======== Supplied entries

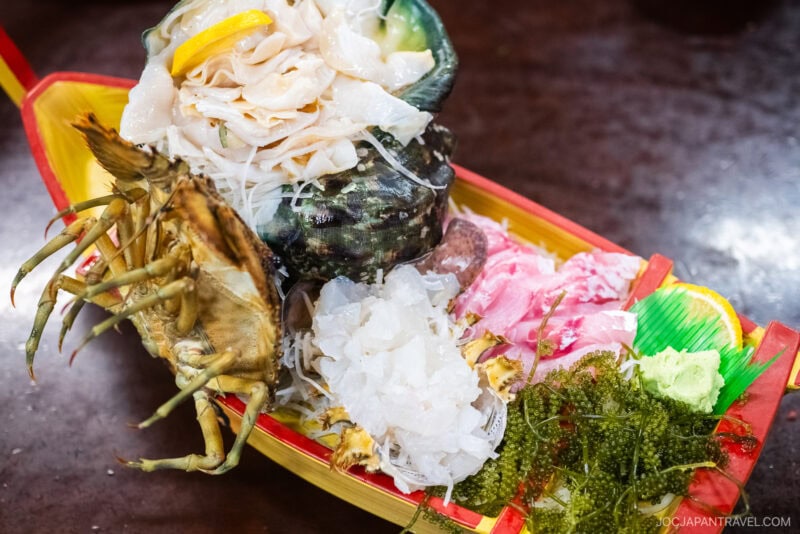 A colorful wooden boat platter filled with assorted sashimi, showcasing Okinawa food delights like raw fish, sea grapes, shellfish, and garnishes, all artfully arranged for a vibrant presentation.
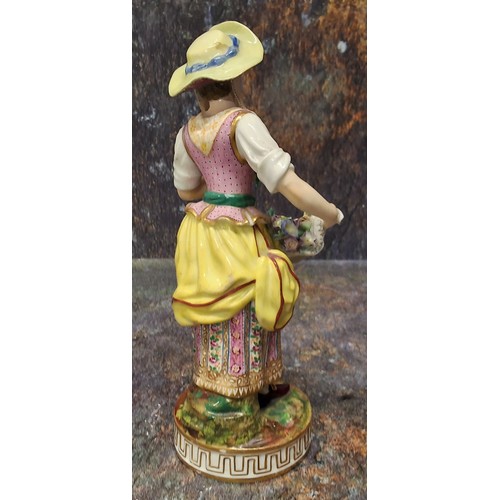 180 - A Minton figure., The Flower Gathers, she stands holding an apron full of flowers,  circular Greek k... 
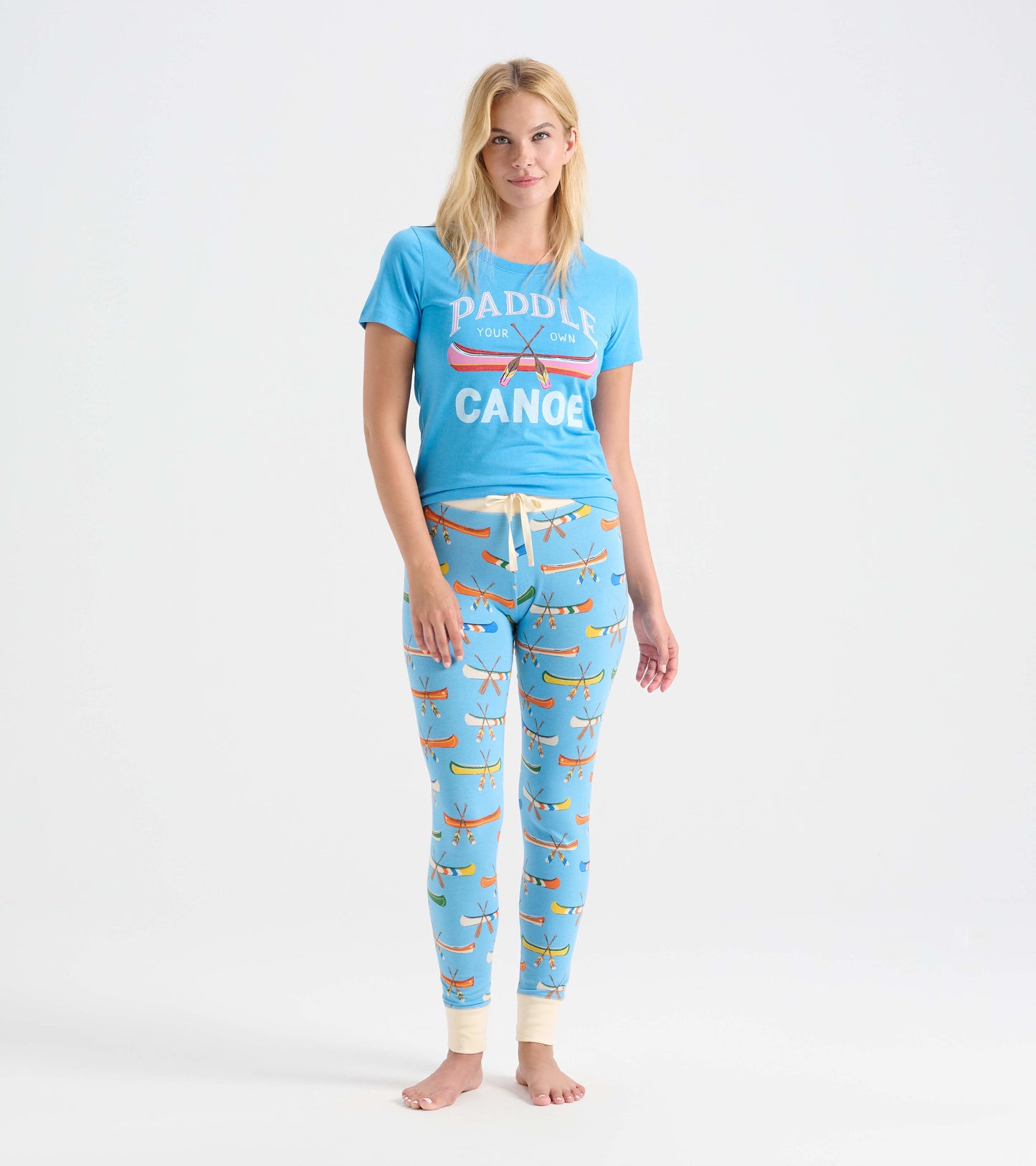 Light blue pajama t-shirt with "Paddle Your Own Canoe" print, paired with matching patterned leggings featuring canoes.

================
======== Supplied entries

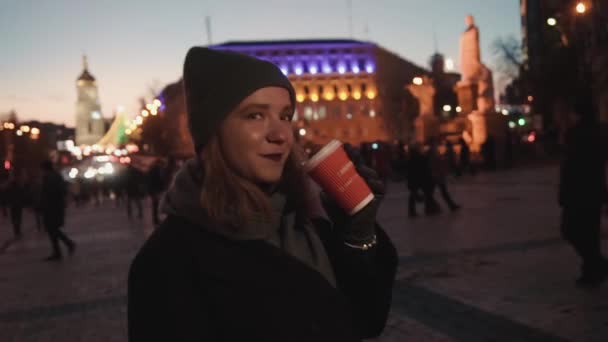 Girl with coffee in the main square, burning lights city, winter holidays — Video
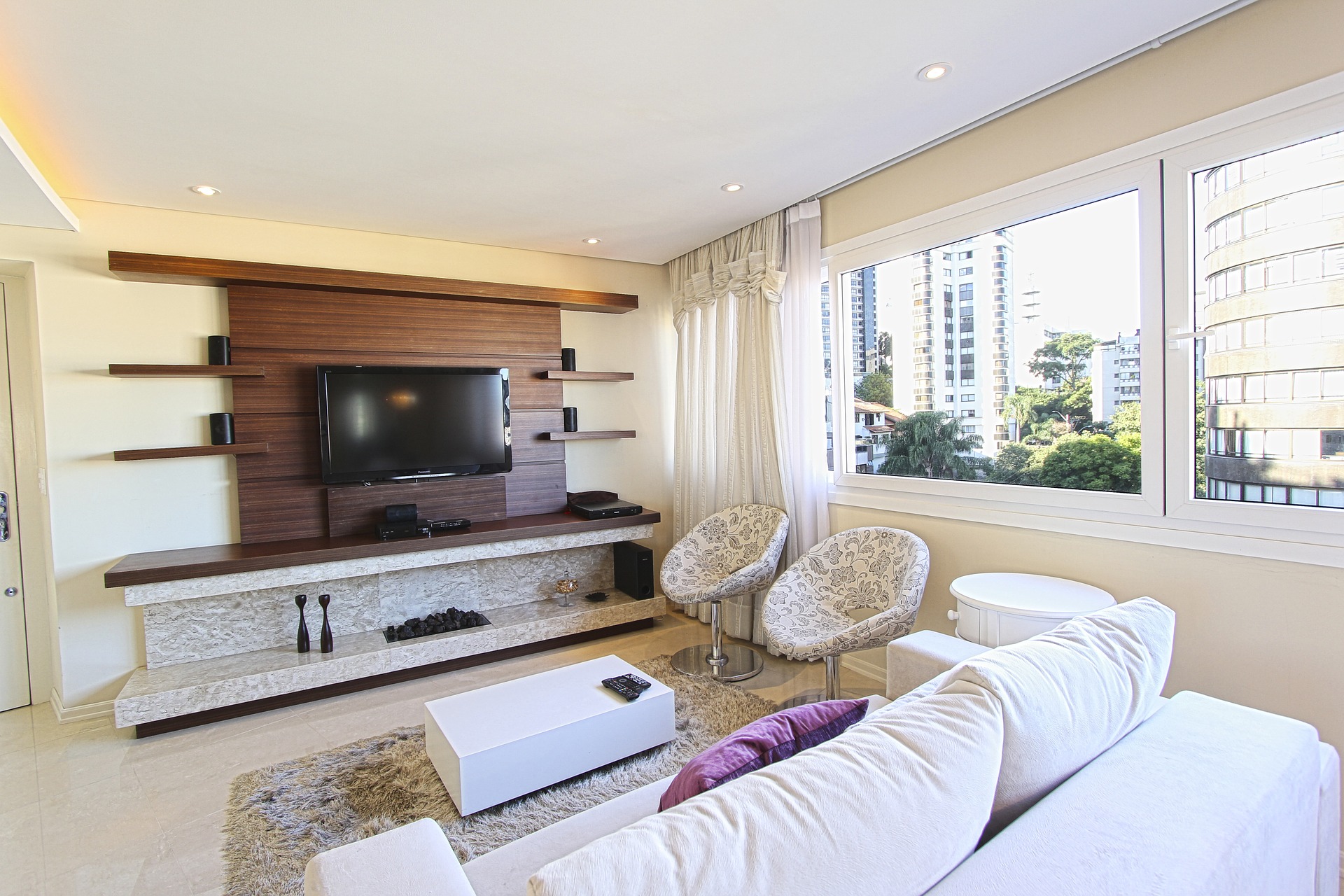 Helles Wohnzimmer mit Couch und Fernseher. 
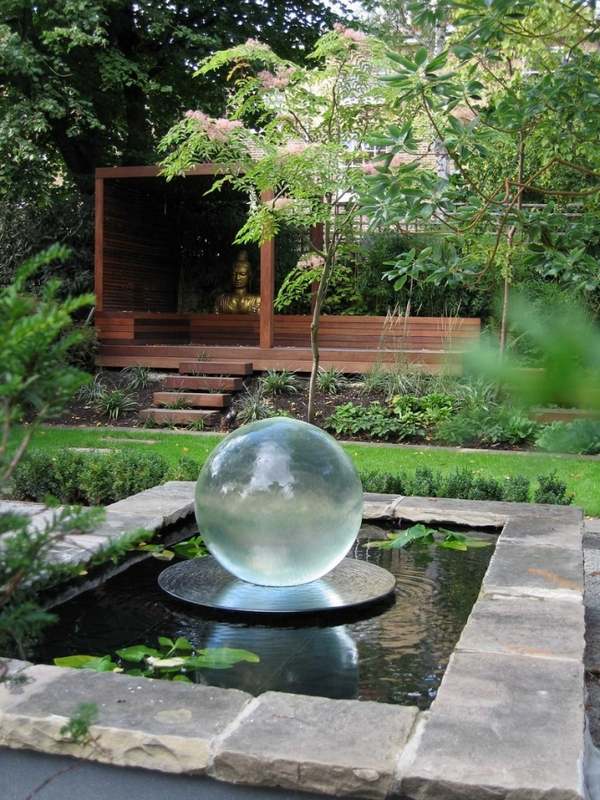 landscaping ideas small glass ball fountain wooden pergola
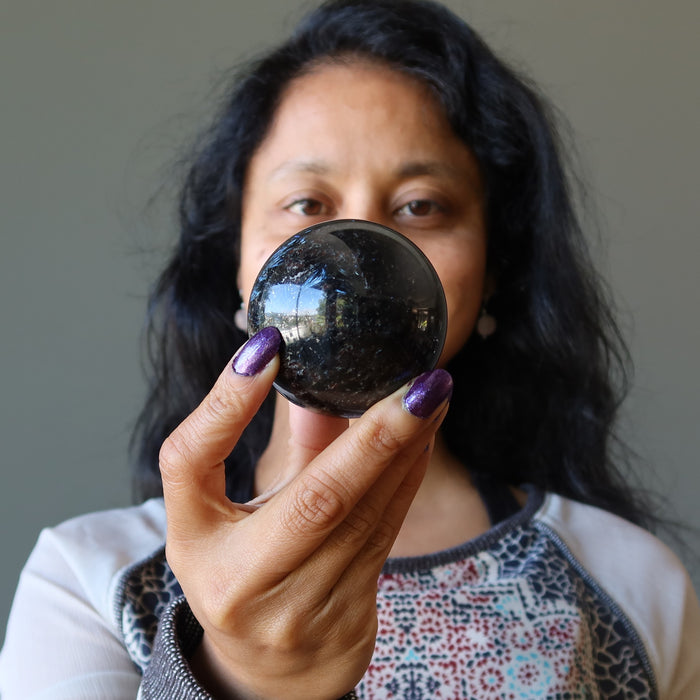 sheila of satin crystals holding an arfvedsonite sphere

================

All lines above starting at the one with "A colorful wooden" and ending at the one with "Light blue pajama", inclusive, are to be printed again exactly, with the pictures left out.

* [Task response]:
 A colorful wooden boat platter filled with assorted sashimi, showcasing Okinawa food delights like raw fish, sea grapes, shellfish, and garnishes, all artfully arranged for a vibrant presentation.
 180 - A Minton figure., The Flower Gathers, she stands holding an apron full of flowers,  circular Greek k... 
 Light blue pajama t-shirt with "Paddle Your Own Canoe" print, paired with matching patterned leggings featuring canoes.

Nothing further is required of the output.